We had a bunch of spare parts laying around so decided to build a robot. Our robot includes a webcam for remote monitoring. We believe TOD could be the perfect companion for all your observation needs.

What it does

It moves, and it has a camera with which the user can observe what TOD is seeing. TOD is also well equipped to deal with butter movement scenarios due to its ability to overcome most obstacles, and move long distances.

TOD is controlled with a raspberry pi running raspbian Linux. The drive system is powered by a 12 V lead acid battery and the control system is powered by a portable 5V battery pack. TOD had a web cam hooked up to the pi. The Pi can be accessed wirelessly through the WiFi AP it broadcasts. Interactive Python programs allow us to control TOD via keyboard input.

TOD also includes expertly designed headlights that blink.

How we built it

We had a robot frame sitting around and decided to put a bunch of our electronics on it.

Challenges we ran into

Motor Controller

One interesting challenge we encountered was how to use FTC motor controller from a raspberry pi. The controller is exposed as a serial port over USB. The official software API for it is built on .NET framework and so would only run on desktop windows (not Linux on a raspberry pi).

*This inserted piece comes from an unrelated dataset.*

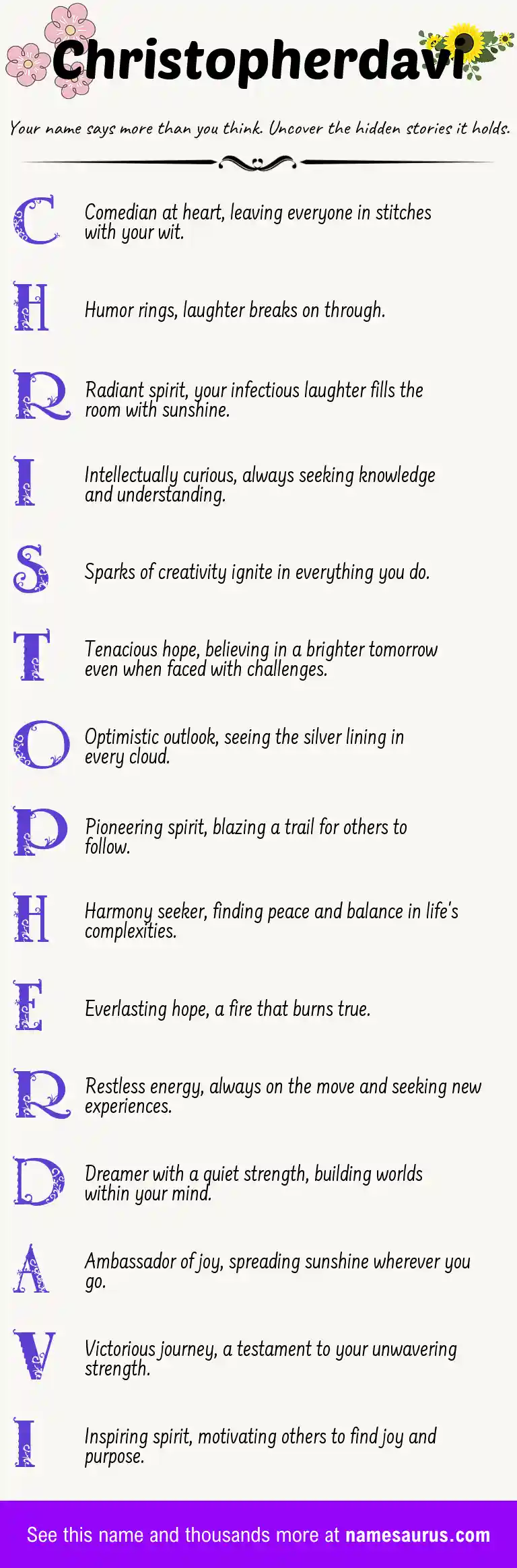 Acrostic poem about Christopherdavi.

We used WireShark to capture the USB IRPs sent through Windows to record what bytes are sent over the serial connection to make the controller power the motors. After that, we simply wrote a small application on the Pi to open the serial port and write the correct bytes to achieve the desired movement.

Use of Old Parts

A lot of the mechanical parts we used are old/retired from previous robots and barely worked. Our motor mounts had to be designed and built out of old mismatched robot parts. We encountered several instances of motor slippage and had to adjust our gear ratios accordingly.

Accomplishments that we're proud of

  • Reverse engineering the motor controller protocol
  • How quickly the robot was constructed
  • Headlights
  • How it looks

What we learned

  • How to reverse engineer USB protocols
  • How to use a 556 timer IC for headlights
  • Building robots with friends is fun. 10/10 Would robot again.

What's next for tod

  • Probably being dismantled since it is built from parts owned by different people.